Vitreous haemorrhage cleared rapidly by day 3 in both eyes. Ocular examination showed a horseshoe retinal tear with minimal subretinal fluid in the right superotemporal quadrant and a suspicious area in the left superotemporal quadrant. Right retinal detachment repair was performed together with cryotherapy to the left eye.

After 1 week later, examination revealed a second horseshoe retinal tear with local subretinal fluid in the right inferotemporal retinal quadrant and three horseshoe retinal tears and bullous retinal detachment in the left superotemporal quadrant. Neither macula was affected by retinal detachment. Visual acuity recovered to 6/12 in the right eye and 6/6 in the left eye. Vitrectomy and fluid–gas exchange repair of the left retinal detachment and a second explant for the right eye were carried out.

Comment

Rhegmatogenous retinal detachment has a strong bilateral tendency. It results from chronic degenerative process, wherein both eyes are involved. The incidence of bilateral retinal detachment is 10% in normal population and 16% in aphakic patients.2 However, simultaneous retinal detachment of both eyes is a rare finding. An annual incidence of 0.35 patients with bilateral simultaneous retinal detachment per 100 000 populations was estimated recently in Norway.3 These patients were significantly younger. They are usually myopic with multiple round retinal holes.4

Unilateral and bilateral retinal or vitreous haemorrhages are common features secondary to subarachnoid haemorrhage. They occur in 3–5% of cases of subarachnoid haemorrhages5 and usually come to the attention of an ophthalmologist during recovery after the patient regains consciousness.

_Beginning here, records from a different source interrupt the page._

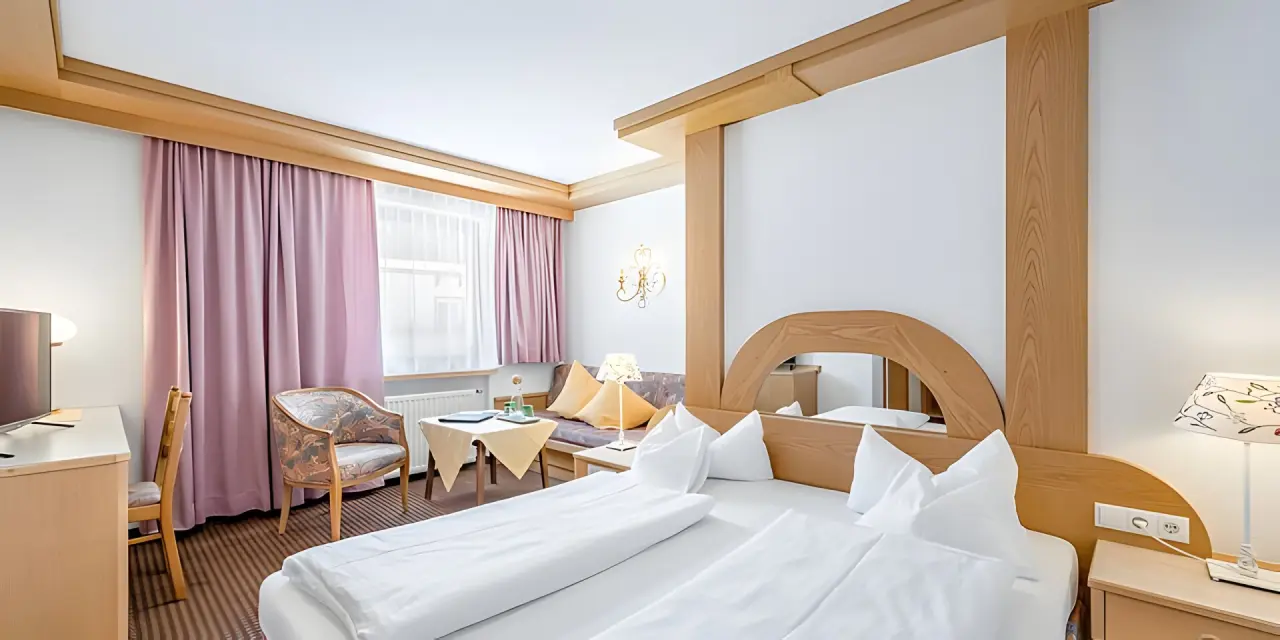 Inntalerhof in Mösern bei Seefeld – Gemütliches Doppelzimmer im traditionellen Stil | Wellnesshotel Tirol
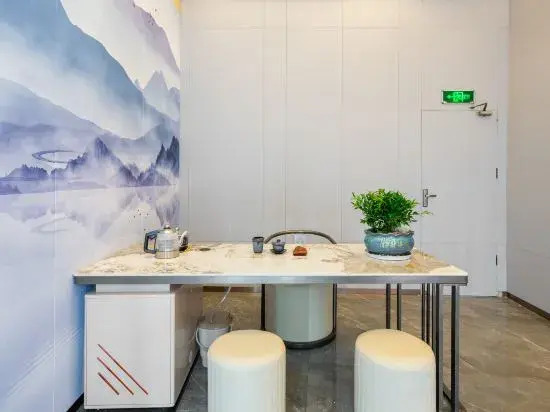 Huating Hotel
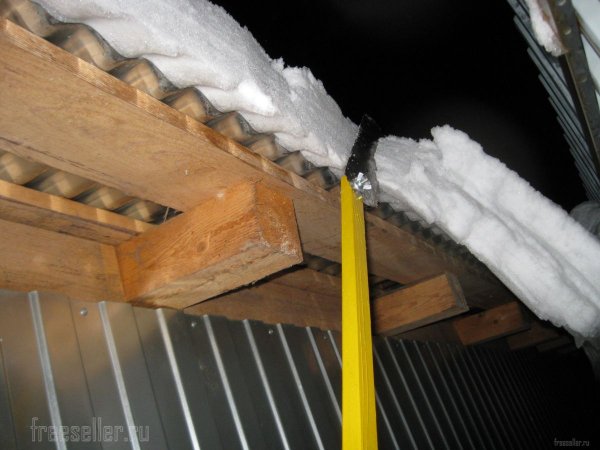 Как легко очистить свес крыши от сползающего снега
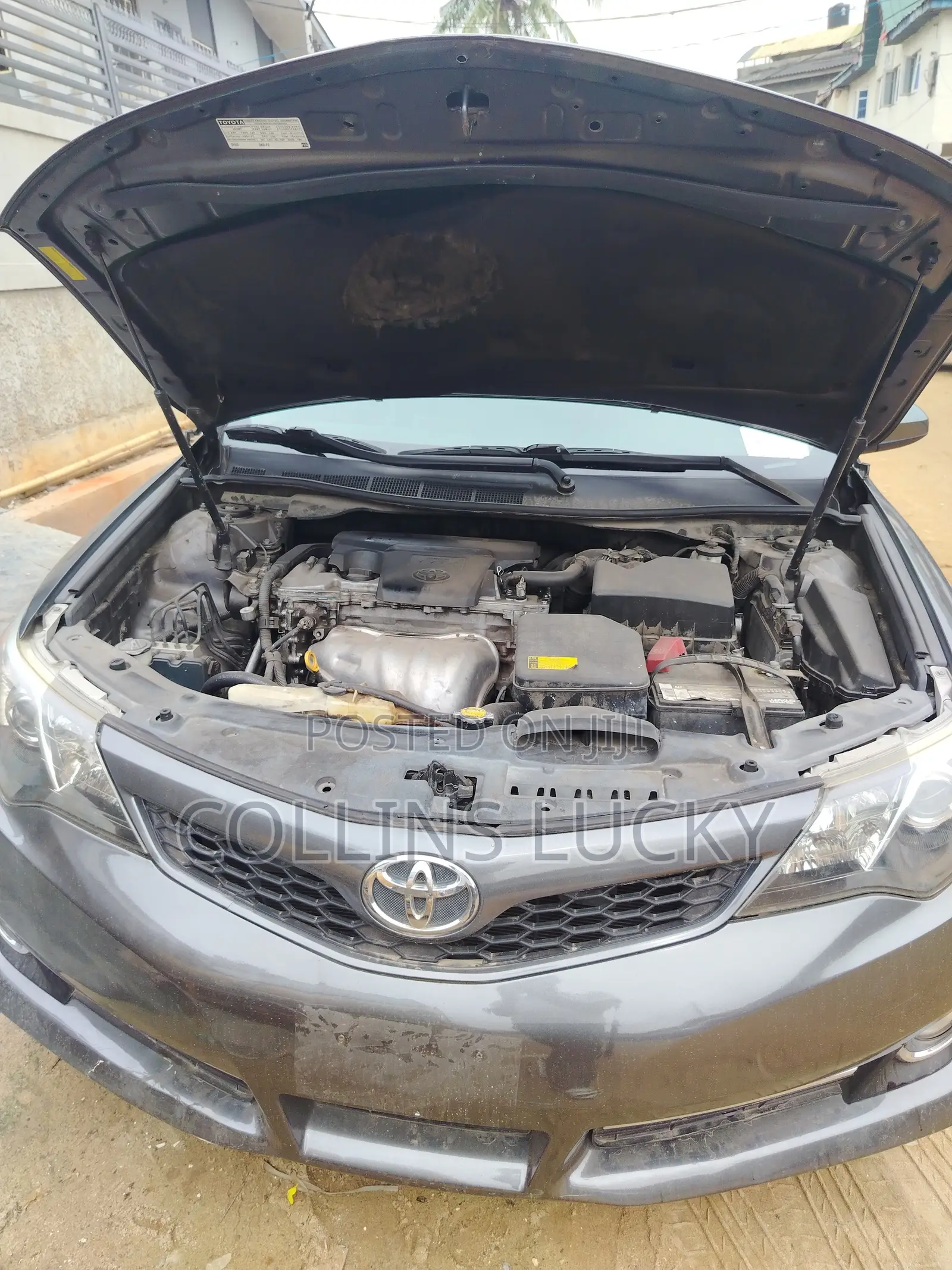 Toyota Camry SE 4dr Sedan (2.5L 4cyl 6A) 2012 Gray
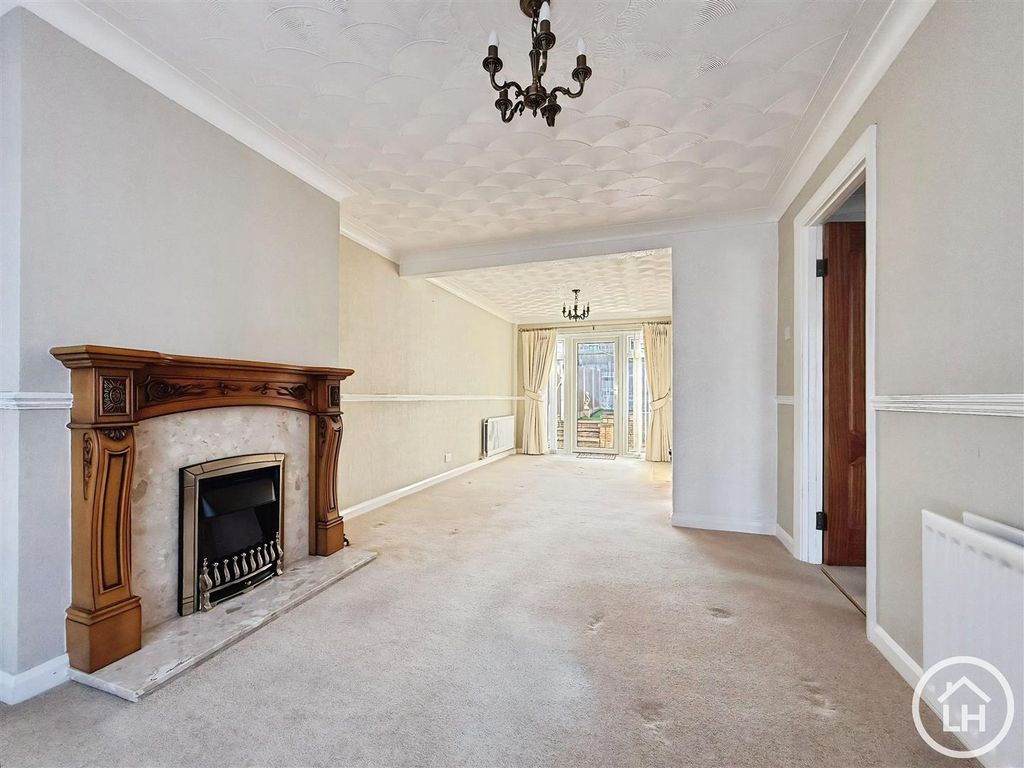 Property photo 3 of 13 Lounge / Diner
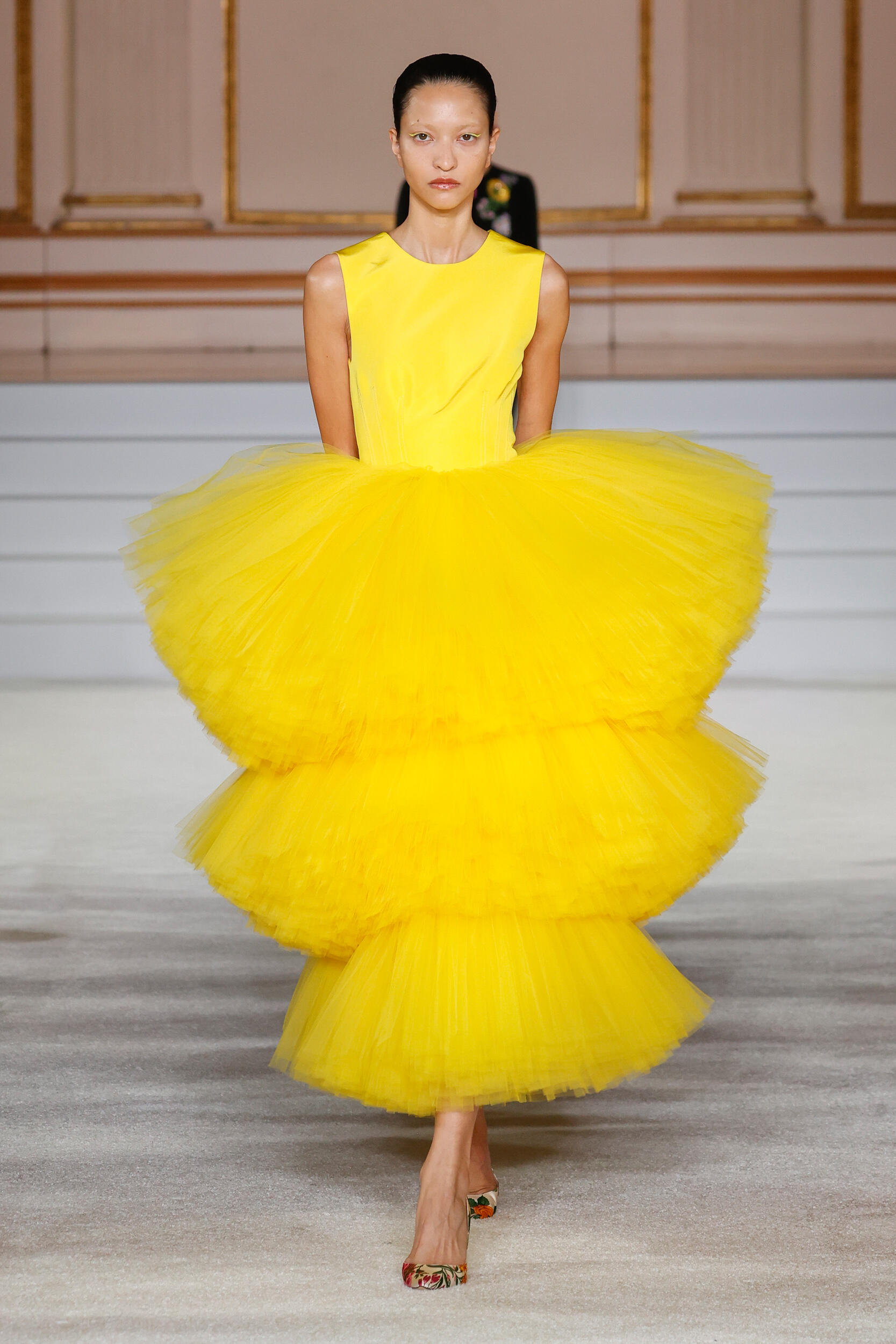 Look 18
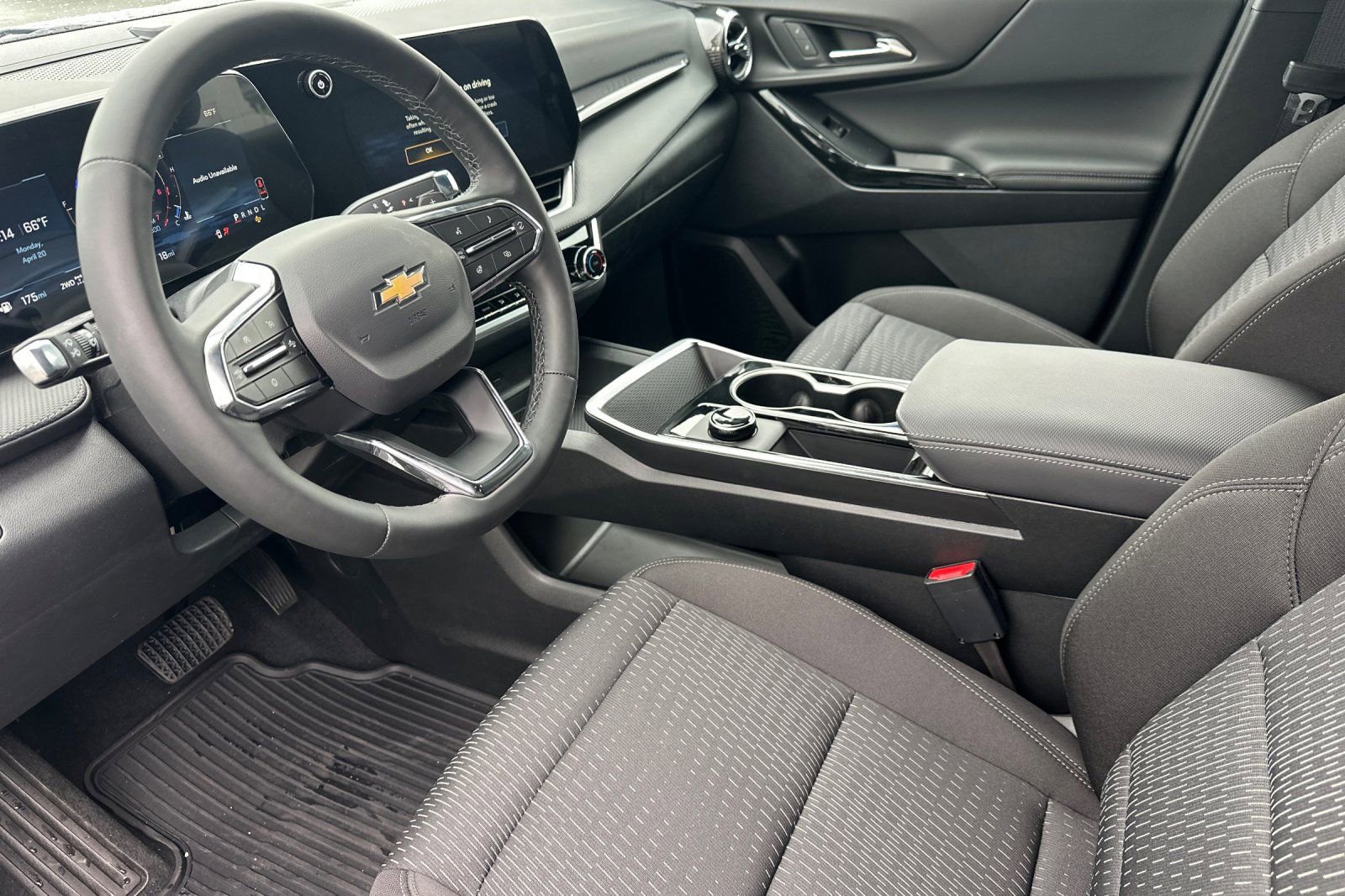 New 2026 Chevrolet Equinox LT w/ Safety and Technology Package image 10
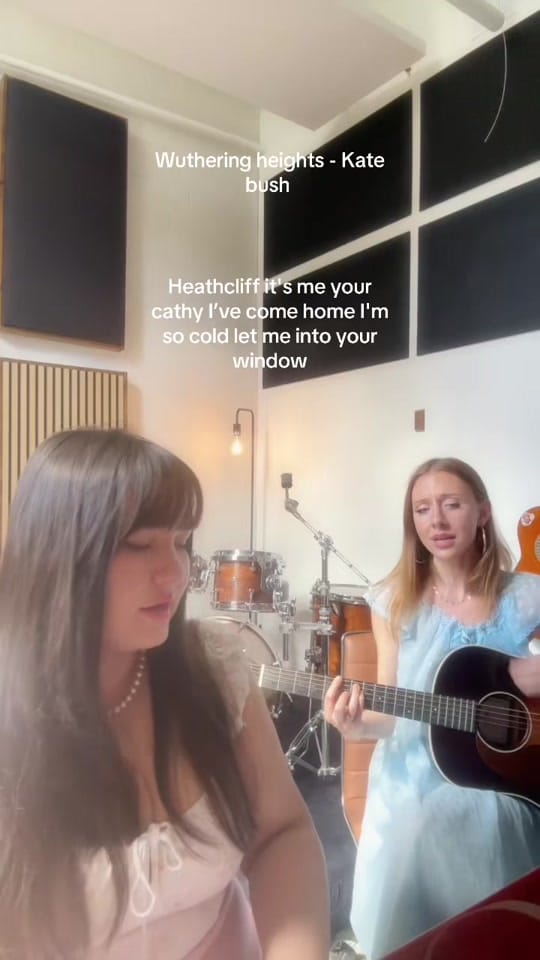 Post 3 by Little Miss Cadaver ♱ on TikTok (video)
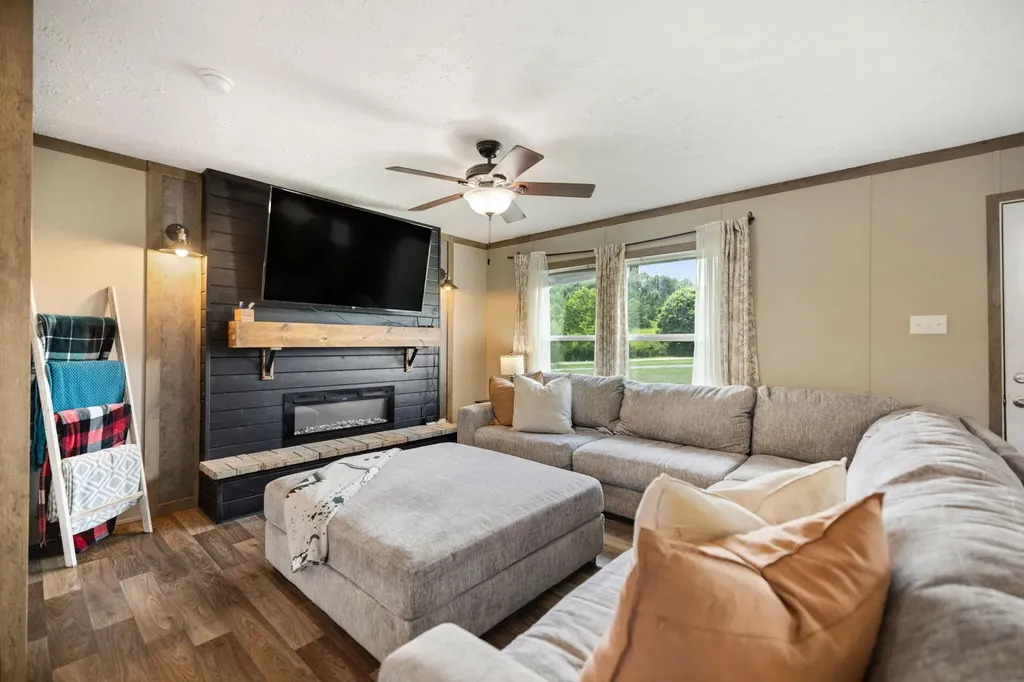 105 Summer Ridge Road Mt Sterling KY 40353
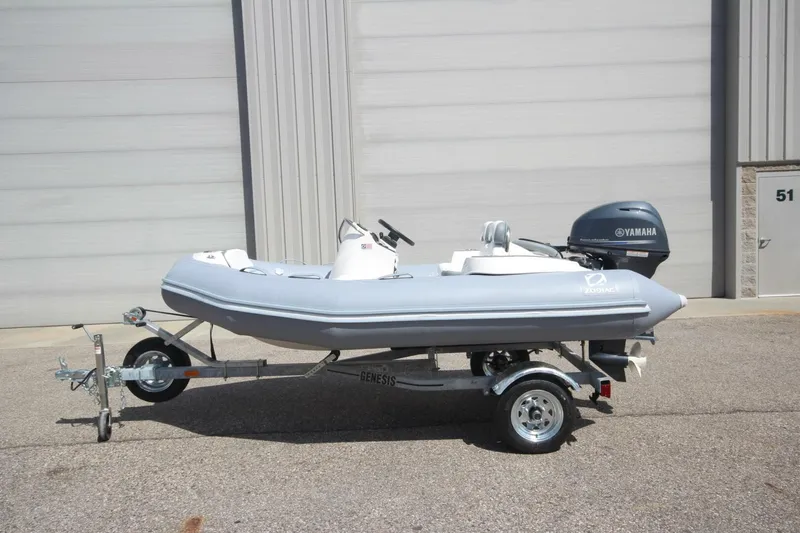 The Image of Zodiac Yachtline 360 Deluxe PVC 2025 - 5168026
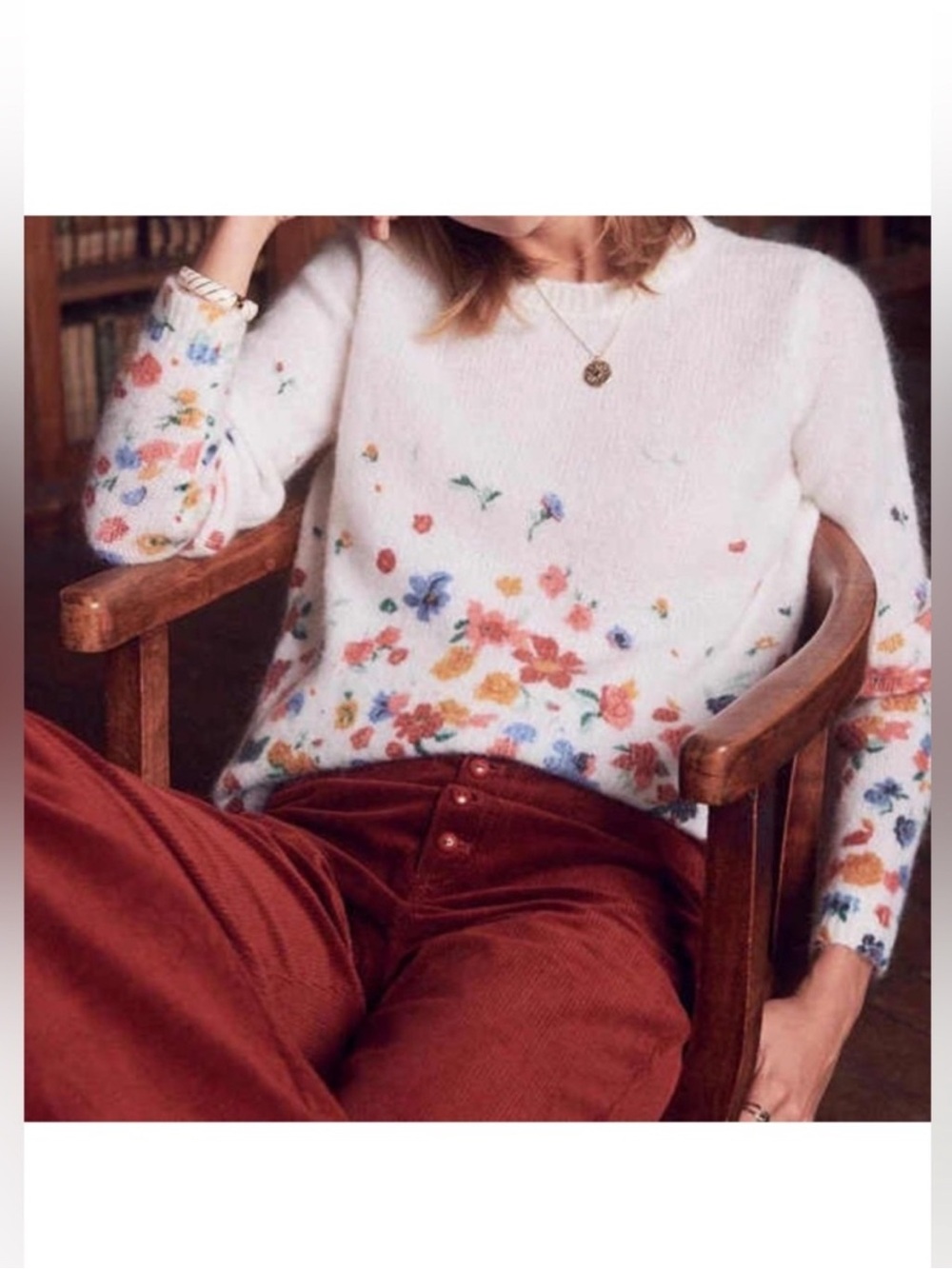 Sézane White Knit Wool Sweater with Multicolor Floral Flower
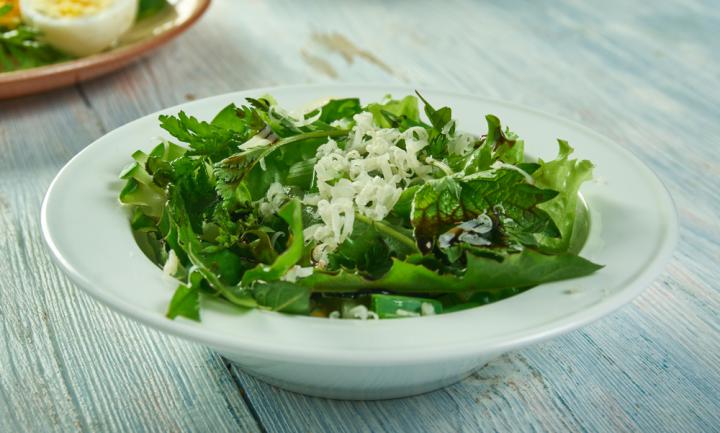 Salade printanière aux orties, pissenlits et fromage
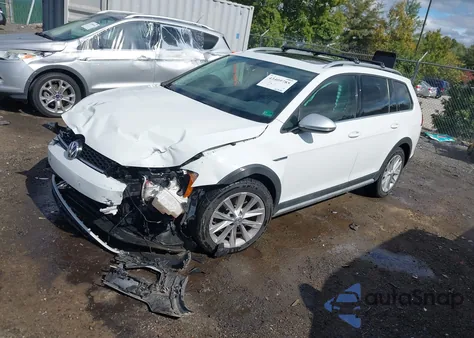 2017 Volkswagen Golf Alltrack Tsi S/Tsi Se/Tsi Sel z USA, uszkodzony, nr VIN 3VWH17AU1HM544247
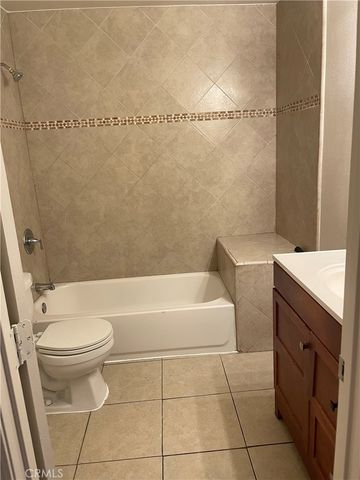 6141 Marbrisa D, Huntington Park, CA 90255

Any patient presenting with retinal or vitreous haemorrhages associated with neurological symptoms such as headache, nausea, or altered consciousness should be investigated to exclude intracranial haemorrhages; however, bilateral vitreous haemorrhages and headache are not pathognomonic of Terson's syndrome. A non-diabetic vitreous haemorrhage most frequently arises as a result of vitreous separation. Our case demonstrates the importance of careful inspection as vitreous haemorrhage clears together with ultrasound B-scan to exclude rhegmatogenous retinal detachment even when the cause of vitreous haemorrhage is not considered to be related to vitreous separation.